## Recorded data
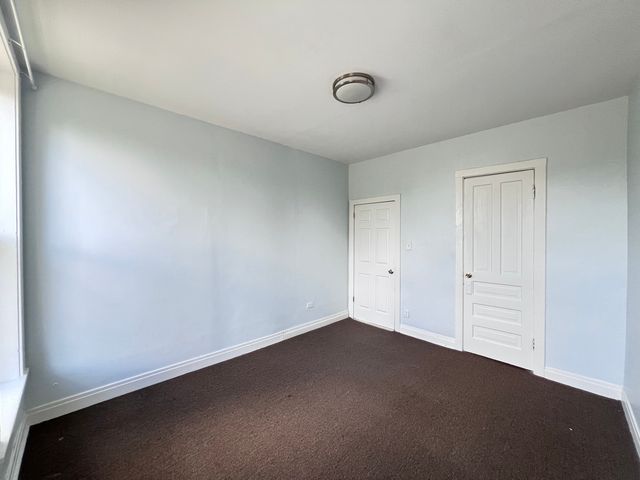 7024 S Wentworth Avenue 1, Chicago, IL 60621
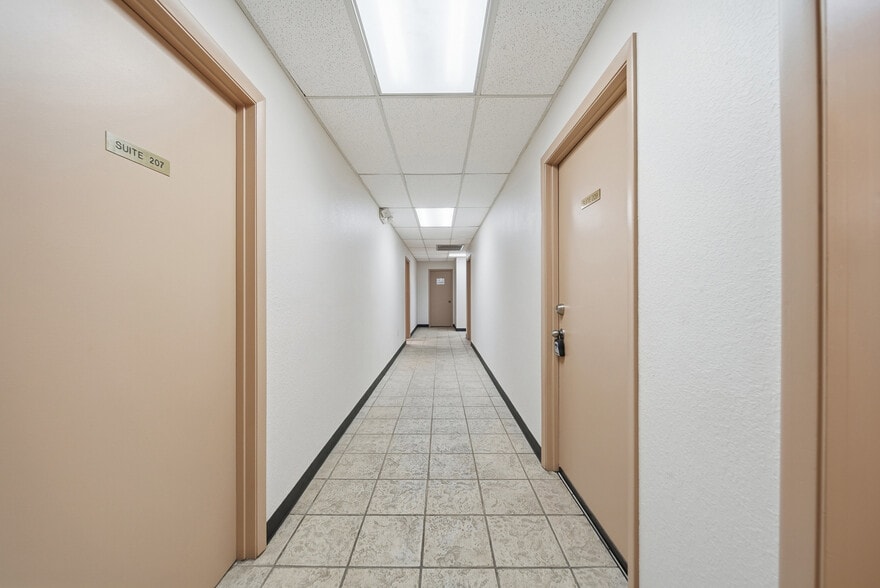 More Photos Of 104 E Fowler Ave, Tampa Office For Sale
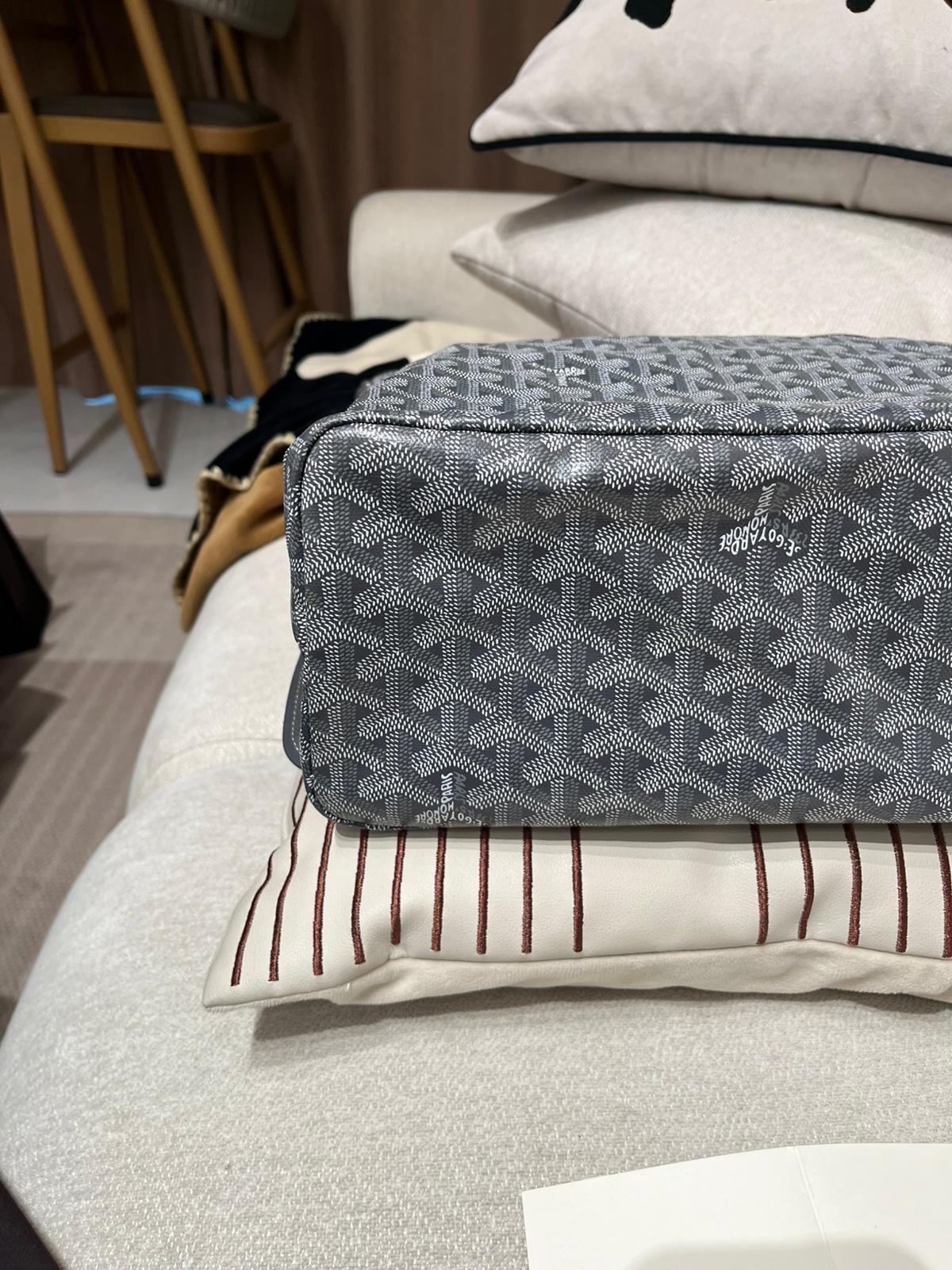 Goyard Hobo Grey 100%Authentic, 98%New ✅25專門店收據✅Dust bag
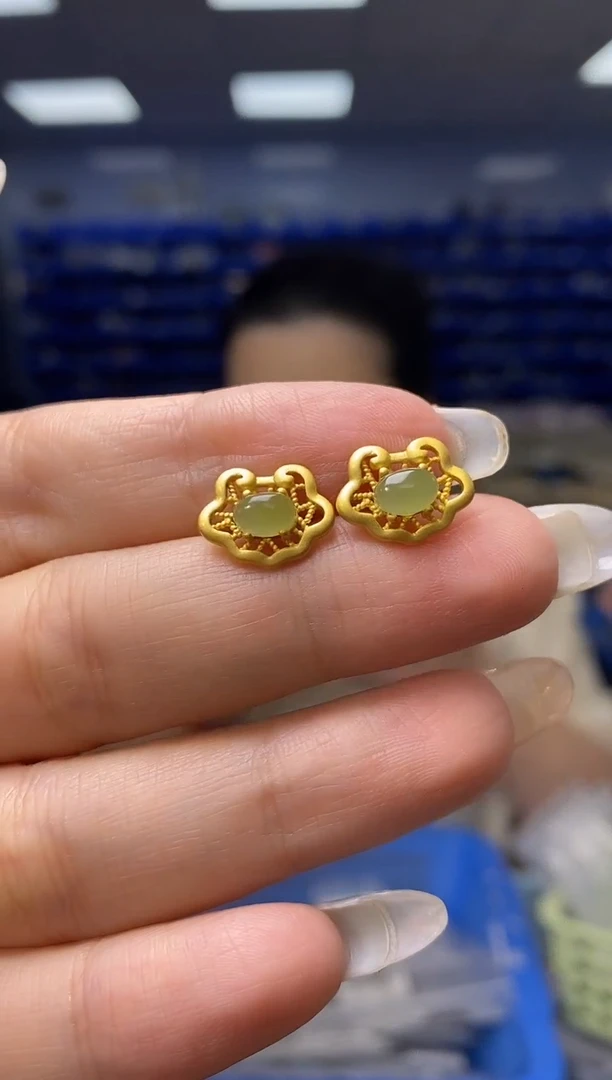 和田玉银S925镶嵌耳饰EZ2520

## Problem requirements
Would you set down every line of the data above exactly, skipping the pictures?

## Answer below
 7024 S Wentworth Avenue 1, Chicago, IL 60621
 More Photos Of 104 E Fowler Ave, Tampa Office For Sale
 Goyard Hobo Grey 100%Authentic, 98%New ✅25專門店收據✅Dust bag
 和田玉银S925镶嵌耳饰EZ2520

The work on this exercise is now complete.